(1) What are the main issues that you are currently working on?
I am an Afro-indigenous activist and researcher from the Isthmus of Tehuantepec in the State of Oaxaca, Mexico. I work on topics like rural feminism, environment and energy, and the autonomy and rights of indigenous peoples. I have worked in training projects for community health and human rights promoters, and for the defence of the Right to Free and Informed Prior Consultation.
|Photograph by Shirley Kimmayong
After the earthquake in September 2017, which caused severe damage in our communities, I was the coordinator of a reconstruction project for recovering indigenous women’s traditional productive tools. Now, I am working in a commercialisation enterprise for traditional crafts produced by indigenous women. Also, I am part of an interdisciplinary group promoting a project for participatory public policy with respect to energy transition and climate change. A key purpose is to focus the discussion on the demands of indigenous communities affected by climate change and the construction of energy mega-projects.
(2) What makes you an excellent person to work on these issues?
With respect my strengths in the work I do, the first one is that I was born and I have grown up in the region. Therefore, I have knowledge of the communities’ context that would be difficult to understand for an outsider – for instance on issues related to cultural, economic and political dynamics. Secondly, I am always looking for new learning and knowledge to strengthen my leadership with tools to face the complexity of the regional problems. Having been part of the Global Change Leaders at Coady International Institute in Saint Francis Xavier University, Nova Scotia, has given me important support and learning for my community leadership.

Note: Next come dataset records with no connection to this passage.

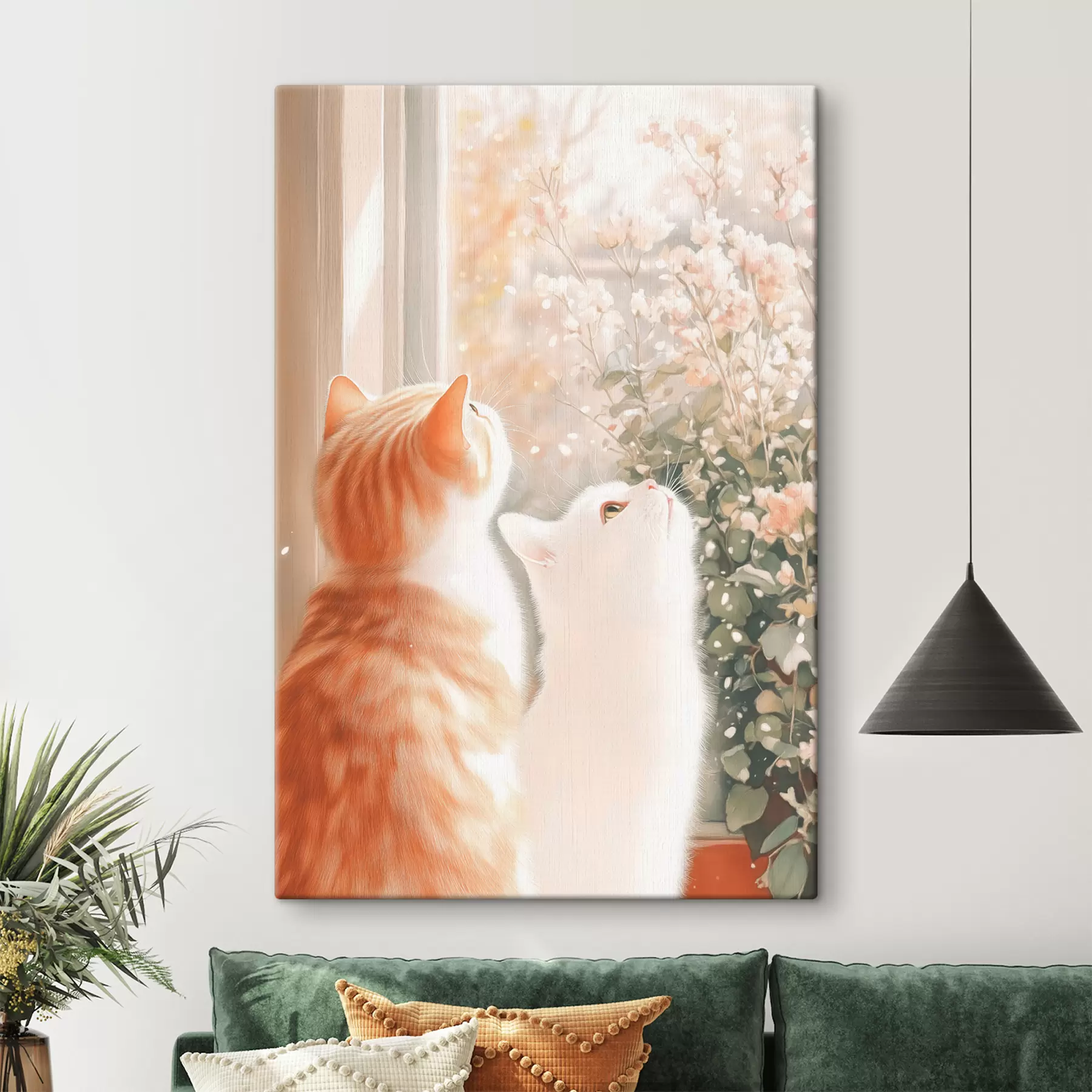 Fototapetai Pieštuku ir akvarele piešta iliustracija, kurioje pavaizduotos dvi žavios katės, sėdinčios kartu s40670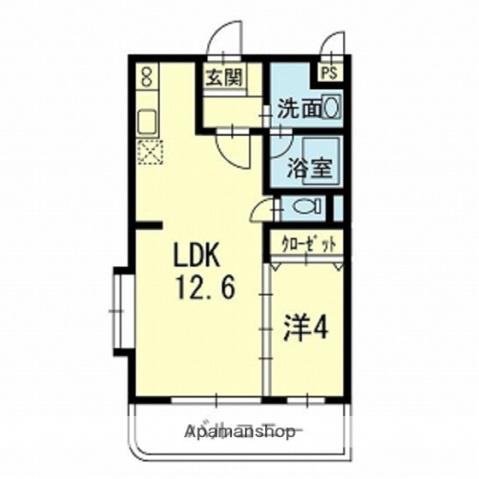 ヒルズKIKUYO(1LDK/1階)の間取り写真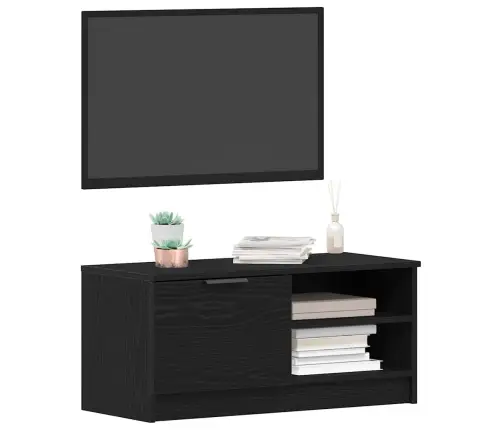 Telerikapp Must Tamm 80 X 35 X 36,5 Cm Tehispuit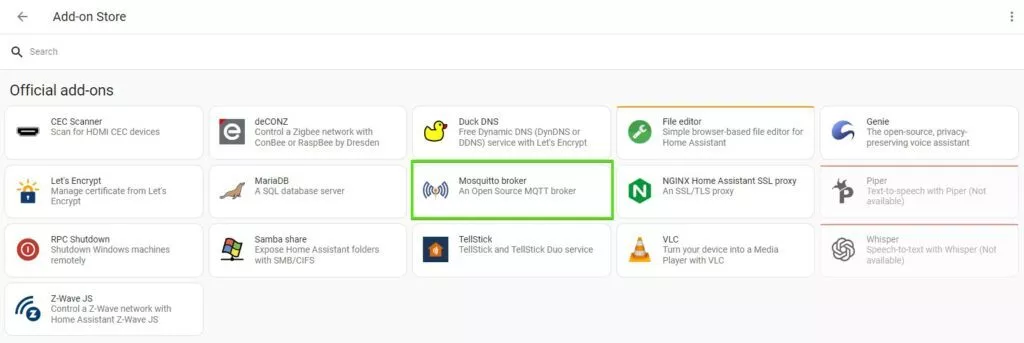 MQTT im Home Assistant Add-on Store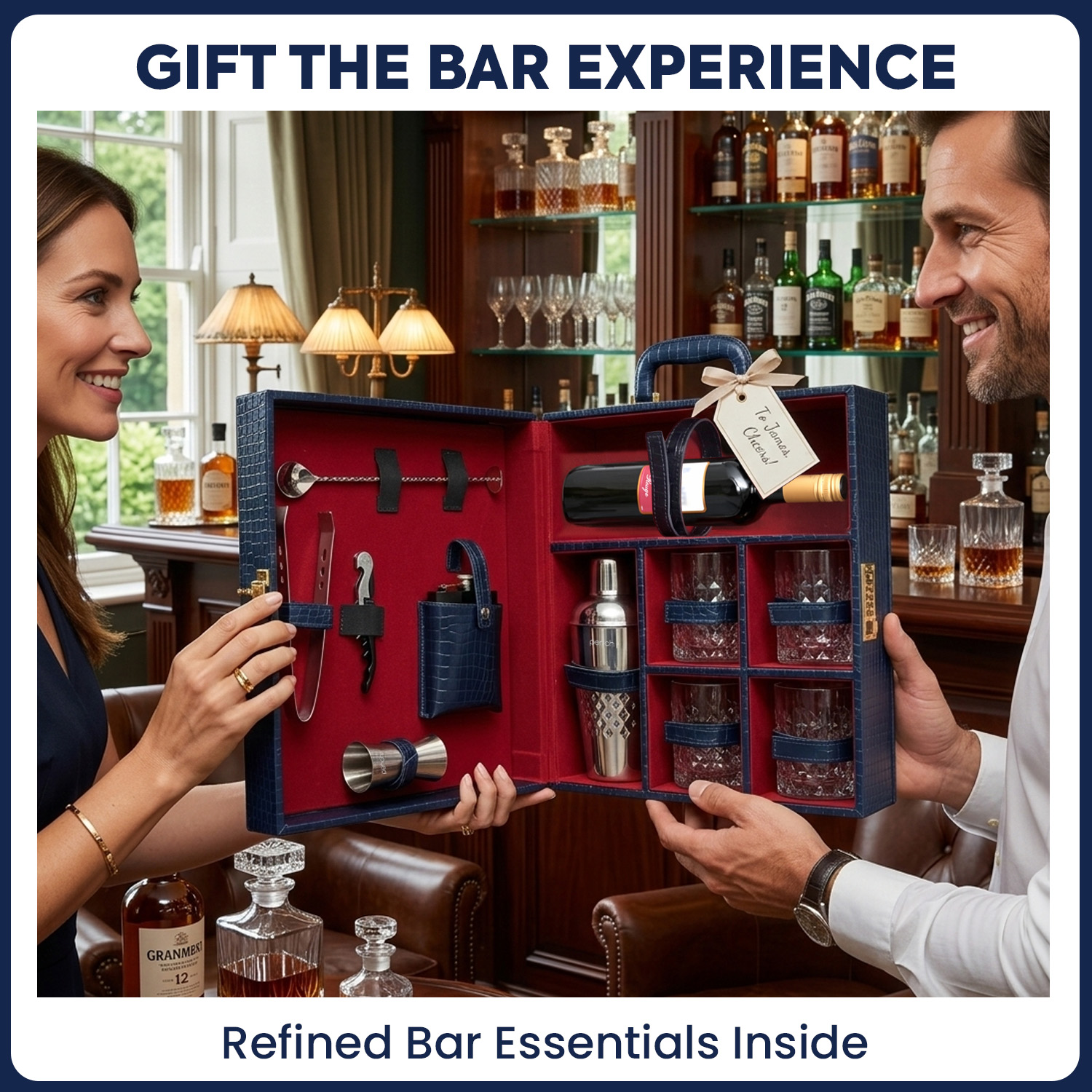 11-Piece Crocodile Print Leatherette Suitcase Bar Set with Belly Cocktail Shaker & 4 Whisky Glasses – Silver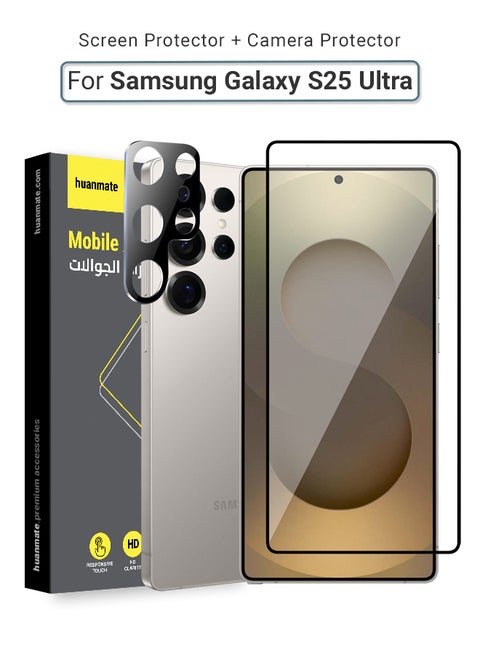 2 in 1 Samsung Galaxy S25 Ultra Screen & Camera Protector - High Transparency Full Coverage Shield for Scratch & Impact Protection - Screen & Camera Protector for Samsung Galaxy S25 Ultra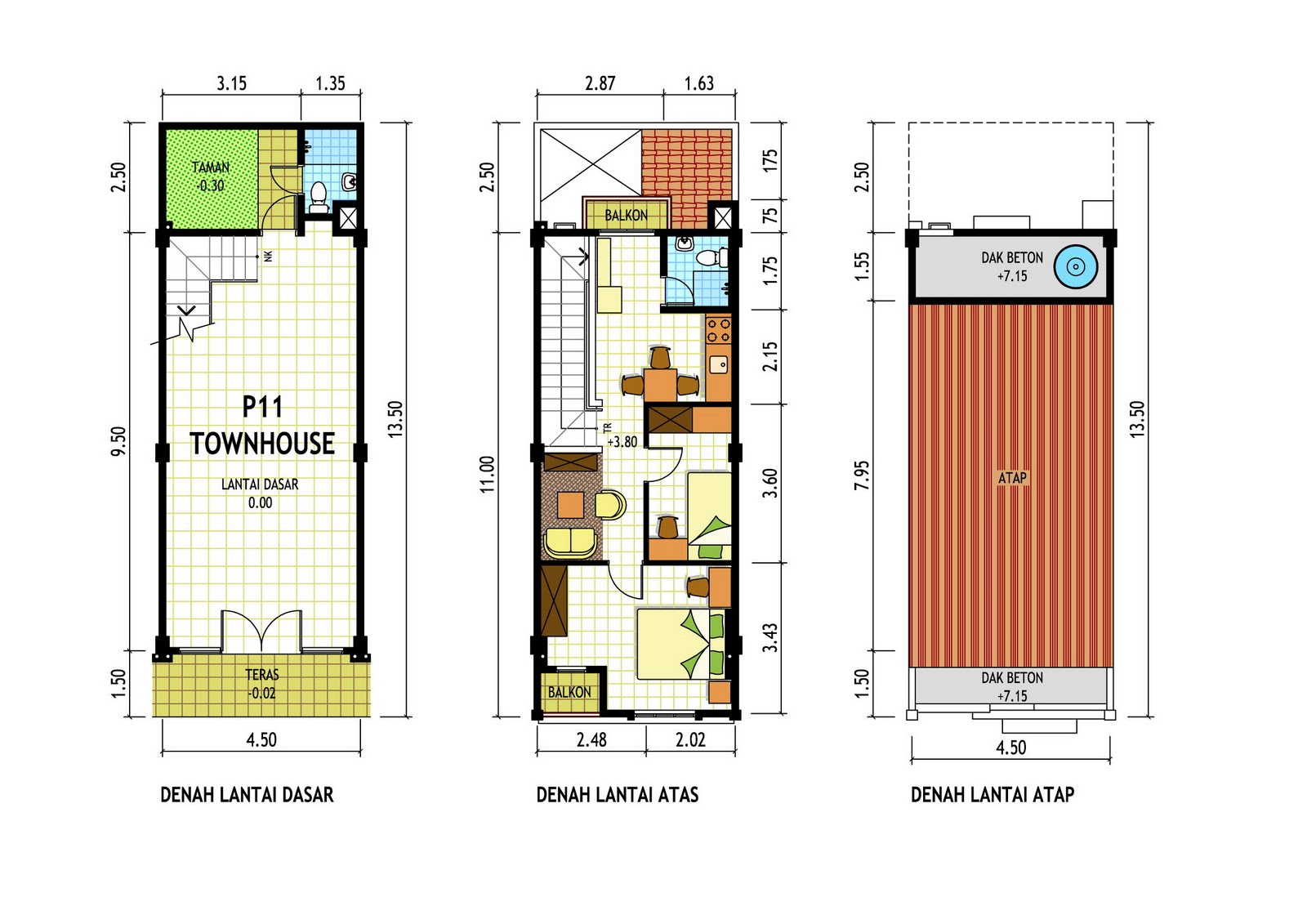 Denah Rumah Lebar 7 Meter denah rumah 2 lantai lebar 7 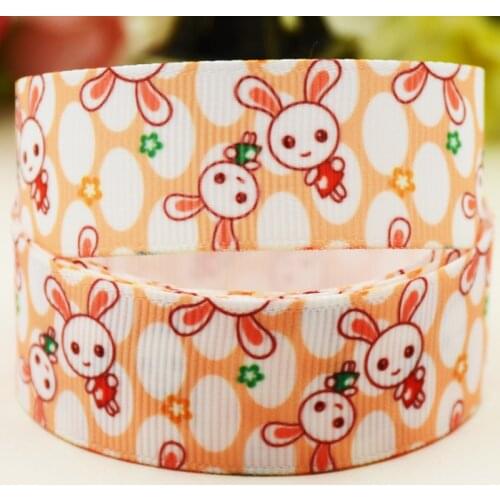 22mm 25mm 38mm 75mm Rabbit Cartoon printed Grosgrain Ribbon party decoration 10 Yards X-04493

(3) How do you deal with obstacles and setbacks?
When you work in community and collective contexts, it is really important to analyse obstacles and look for solutions in ways that go beyond individual thinking. You must keep your communication channels open, and be receptive and emphatic. Having someone to accompany you in the process, like a mentor, who you can share doubts with and who can help guiding you, is useful and can shine a light on aspects that you normally ignore.
Keep trying! Sometimes, when we are young, we easily get discouraged if some project doesn’t work out the way we want. What we must do then is to try and see things from a different perspective so that we can take advantage of our mistakes to grow. Also, I would tell them not to be afraid of feminism, because it can help you a lot to understand where the obstacles are that women leaders usually face. We are fighting against a patriarchal system, and it is never too early to check and learn about our privileges and what we can do with them to change our reality.
(5) What is your advice to people who are in mentorships - in your experience, what makes a mentorship useful?
To be open to listen and learn from your mentor. The relationship with Michaela was a very fluid and enjoyable relationship that made the experience enriching in terms of knowledge. For me personally, this has been the first time to be part of a mentorship program. To have the guidance and advice of a women leader has been really useful to reflect on my own process. I believe that both of us have won a lot from the conversations we had and I know we will keep doing so in the future.